Zatęchłe Archiwum - "Speluna Wilk Morski"

Osada 'Pazur Behemota' > Zatęchłe Archiwum > Speluna Wilk Morski
Wędrowiec: zaloguj, wyszukiwarka
Tabris

Tabris

29.08.2009
Post ID: 47932

Speluna „Wilk Morski” (Czynna w czasie sezonu żeglugowego) – jest to ponure miejsce, omijane przez wszystkich kupców i uczciwych ludzi. W „Wilku Morskim” jak sama wskazuje można natknąć się na piratów, marynarzy, ale też, a może i przede wszystkim złodziei, paserów, hazardzistów, ponurych czarowników, najemników i barbarzyńców. Nieoficjalna nazwa lokalu to „Pod Cycatą Syreną”, bo też taki obraz wisi nad szynkwasem. Jest to jedyny pozytywny element estetyczny we wnętrzu lokalu; podłoga gliniana, źle sklecone stoły i krzesła, błony nasączone tłuszczem zamiast szklanych okien. Smród, alkohol, karty. Można tu dostać po pysku, dowiedzieć się czemu tylko Orki, Gnolle i Smoki mogą pić Szajbimber, oraz ubić interes życia kupując stare gacie za garść sztuk srebra. Obsługą zajmuje się Virt See , emerytowany bandyta z doświadczeniem i referencjami, teraz stara się kiedy tylko może oszukać swych pijanych gości, a wieloletnia praktyka czyni z Niego mistrza tego fachu. Jeśli szukasz guza, chcesz stracić oszczędności i rozstać się z zębem, a czasem i uchem, czy też poznać najbardziej ordynarne przekleństwa to miejsce dla Ciebie. Z drugiej strony – możesz tu komuś udowodnić, żeś mocniejszy w pięści, szybszy w szabli, zdobyć tanim kosztem nieco srebra i po prostu się wyszumieć. Z zasady kobiety tu nie wstępują, chyba, że któraś gotowa jest zlać kilkudziesięciu nawalonych samców... "Wilk Morski" składa się nie tylko z parteru gdzie jest szynkwas, ale dodatkowo z piętra mieści się tam burdel. Burdelmamą jest Henna Tatuarch, a obsługujące klientów panienki to głównie ludzkie kobiety i pół/ćwierć elfki. Miejsce w którym łatwo załapać france, z drugiej strony satysfakcja gwarantowana... Mówi się że podobno Virt ma piwnicę, dobrze ukrytą, gdzie trzyma pozostałości po gościach, którzy zostali w Spelunie na wieki. Z nich też wyrabia paszteciki...

CENNIK:
Hercules – flutek (najtańszy napitek w Origarus, sfermentowana woda z kanałów; odchody, zdechłe szczury i karaczany)
Grog – 5 miedziaków (niewielka szklaneczka grogu, paskudnego w smaku)
Piwo „Nogołamacz” – 3 miedziaki (nie mylić z „Nogozwalaczem”!)
Piwo „Jasne, Mroczne” – 2 miedziaki (najsilniejszy kac jest po tym właśnie piwie)
Szajbimber – 9 miedziaków (pić mogą tylko Gnolle, Orki, Rosjanie i Smoki, ale kto by o tym pamiętał po pijaku?)
Wódka – 4 miedziaki (kubek wódki, ohydnej w smaku, nieokreślonego pochodzenia)
Wino marki Wino – 6 miedziaków (klasyczny jabol)
Wino „Łza Sołtysa” – 6 miedziaków (tylko prawdziwi koneserzy dostrzegają subtelny, porzeczkowy smak tego jabola)
Spirytus – 4 miedziaków (dla tych co nie mają czasu)
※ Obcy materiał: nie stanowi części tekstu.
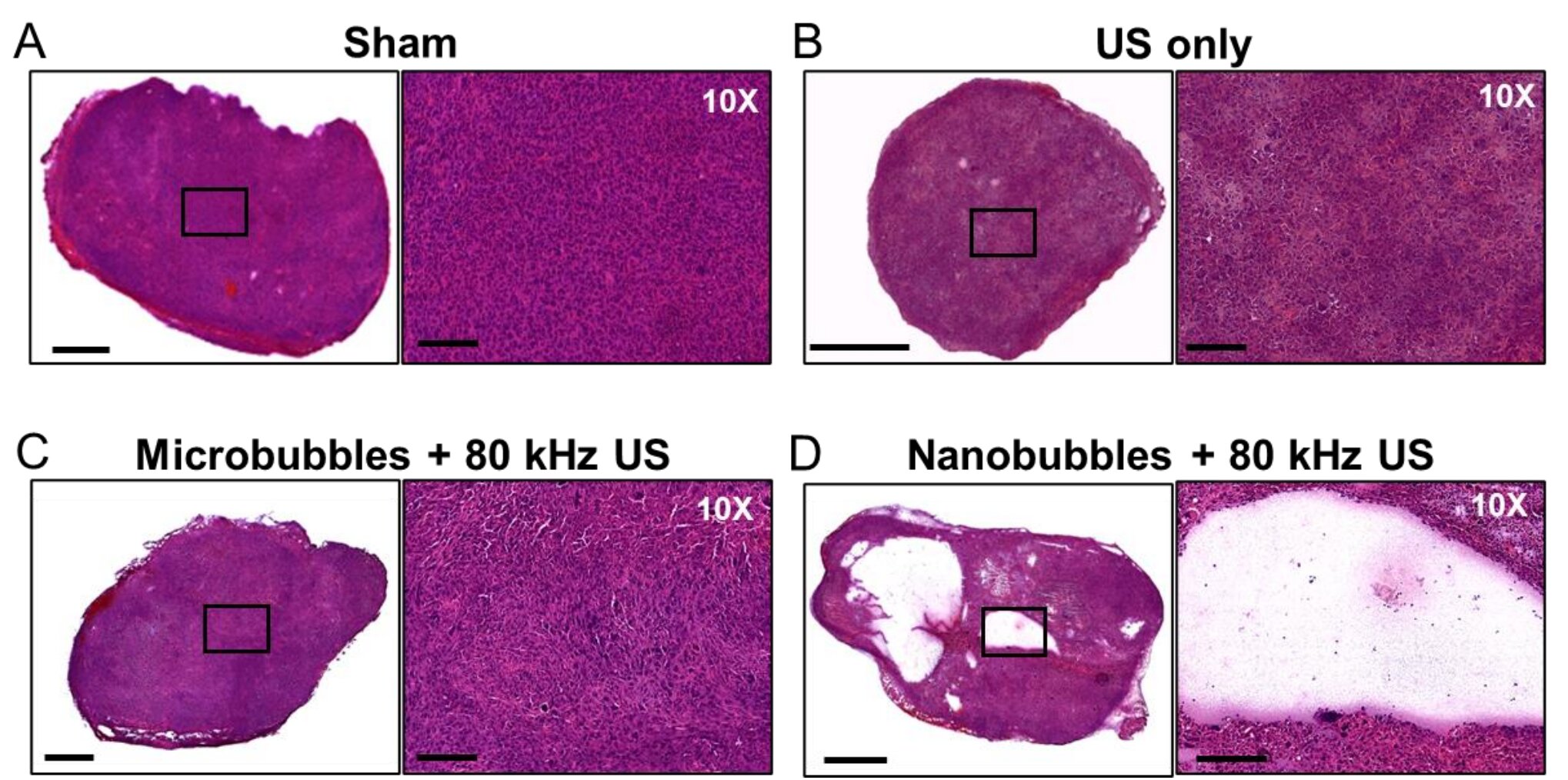 A combination of ultrasound and nanobubbles allows cancerous tumors to be destro..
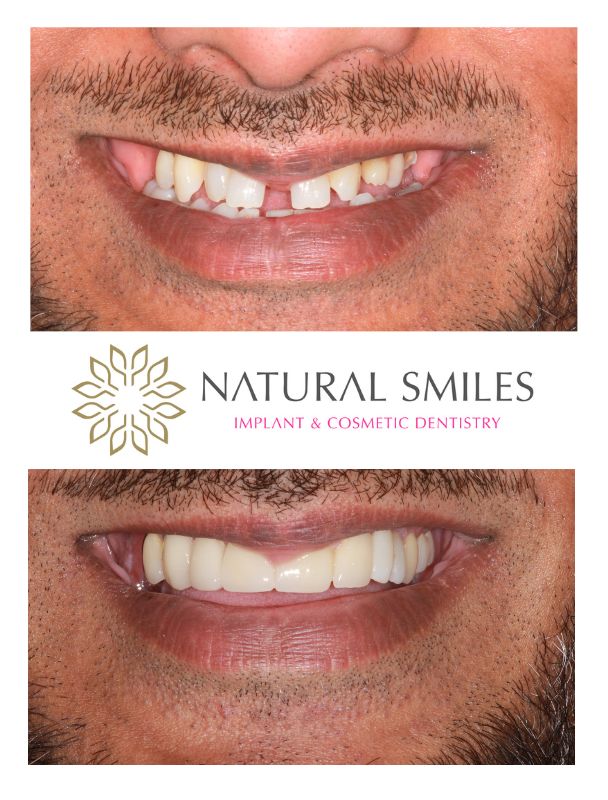 Cosmetic Dentistry Dental implants Veneers Leicester and Corby
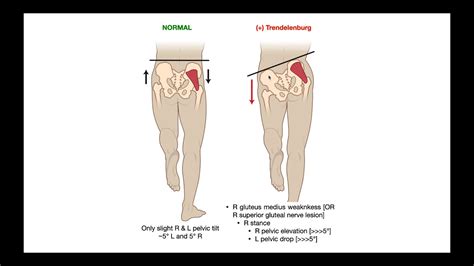 Trendelenburg Sign EXPLAINED - YouTube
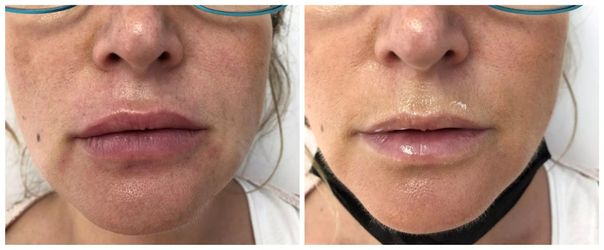 Augmentation des lèvres avant / après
Paszteciki – 1 Agnus (to właśnie one mają być wyrabiane przez Virta z ludzkiego (i nie tylko) mięsa, jak powiedział pewien czarownik „takie być powinny”, dodajmy wrócił niedawno z Wysp Kanibali)
Chleb żytni – 1 miedziak (czymś żołądek zapchać trzeba)
Ogórki Kiszone – 1 miedziak (do zagrychy)
Śledź – 2 miedziaki (bo rybka lubi pływać)

Upojna noc - 18-24 miedziaki

Należy zauważyć, że te ceny mogą się podnieść i o 500%, zwłaszcza gdy klient jest w czubie. Kredytu się nie udziela, zastawić jednak można wszystko, nawet siebie.